Come ci ricorda il professor Luigi Bonanate, le nostre conoscenze sulla guerra, per quanto appaia difficile crederlo, sono straordinariamente limitate e tanto più scarse di quanto invece sembrerebbe importante riuscire ad approfondire quello che è, nella storia dell’umanità, l’evento più intimo e totalizzante in assoluto (1).
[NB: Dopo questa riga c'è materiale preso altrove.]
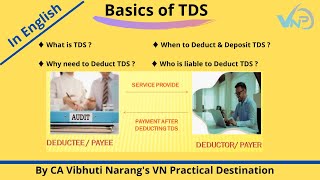 What is TDS in English  Basic Concepts of TDS [upl. by Sina675]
Questo appare particolarmente grave quando si parla di Prima Guerra Mondiale, una guerra nuova rispetto alle precedenti di cui vanno esaminati tutti gli aspetti; per la prima volta infatti il conflitto diviene totalizzante. Citando Karl Von Clausewitz, definito il padre della moderna strategia, è interessante notare come nel primo libro di Della guerra egli sottolinei che la stessa è un atto di forza, considerata come prodotto della violenza originale intesa come cieco istinto (2). Ed è proprio da questo punto che si vuol partire.
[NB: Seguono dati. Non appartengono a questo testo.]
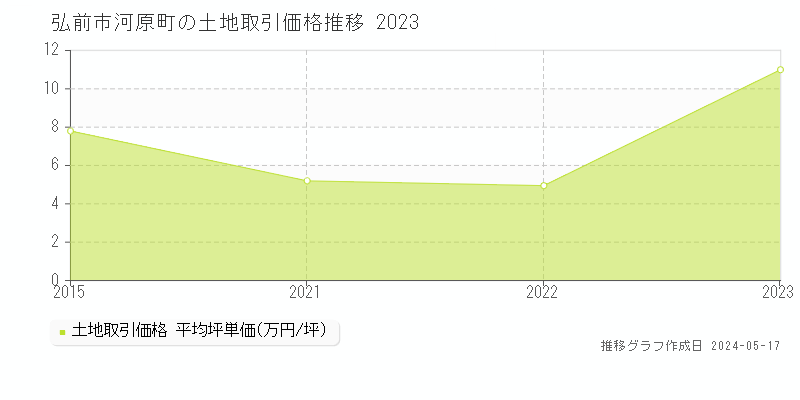 弘前市河原町の土地価格推移グラフ 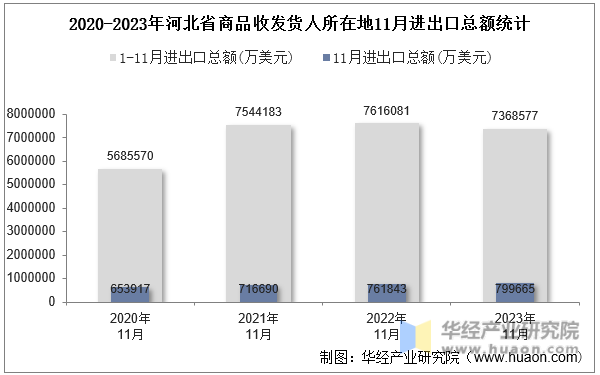 2020-2023年河北省商品收发货人所在地11月进出口总额统计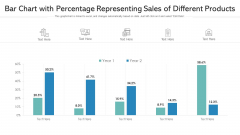 Bar Chart With Percentage Representing Sales Of Different Products Ppt PowerPoint Presentation Gallery Diagrams PDF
Dalle guerre imperiali fino ai più recenti conflitti si sono spese numerose parole per raccontare la violenza connessa, invece, c’è sempre stata reticenza da parte degli storici del passato (3). Come è facile intuire, non tener conto di un aspetto cosi importante equivale a sviare dal proprio cammino; eludendo il problema inoltre non lo si elimina, anzi rimangono oscure molte realtà che potrebbero aprirci gli occhi sulla società e sull’uomo stesso. Anche per ciò che riguarda i combattenti, le loro testimonianze a volte sembrano colpevolizzare gli stessi storici: molto pochi sono stati infatti i soldati che hanno preso atto della realtà e hanno descritto le brutalità e le pratiche svolte (4). In quelle descrizioni veniva trasgredito un comandamento fondamentale, quello di non uccidere, ma l’esaltazione “galoppante” era riscontrabile anche in individui che in tempi normali avrebbero trovato ripugnante ogni idea di violenza fisica (5). Si è taciuto inoltre sugli spaventosi danni fisici provocati dal combattimento moderno e prolungato, e sui successivi episodi di suicidi. La violenza messa in atto durante la Grande Guerra, ha sicuramente dato luogo a interdizioni, una delle quali concerne senza dubbio la sessualità. Quelle comunità di uomini separati dal mondo vissero uno svilimento delle norme morali abitualmente osservate in tempo di pace. Pratiche che sono rimaste nel silenzio impenetrabile dei soggetti. Silenzio che ha coinvolto oltremodo la storiografia del tempo, che invece avrebbe dovuto e deve evitare tutto questo. Citando Pierre Chaunu “la memoria serve a dimenticare”. A dimenticare la violenza soprattutto. Proprio ciò che non dovrebbe accadere, cercando di illuminare questo aspetto.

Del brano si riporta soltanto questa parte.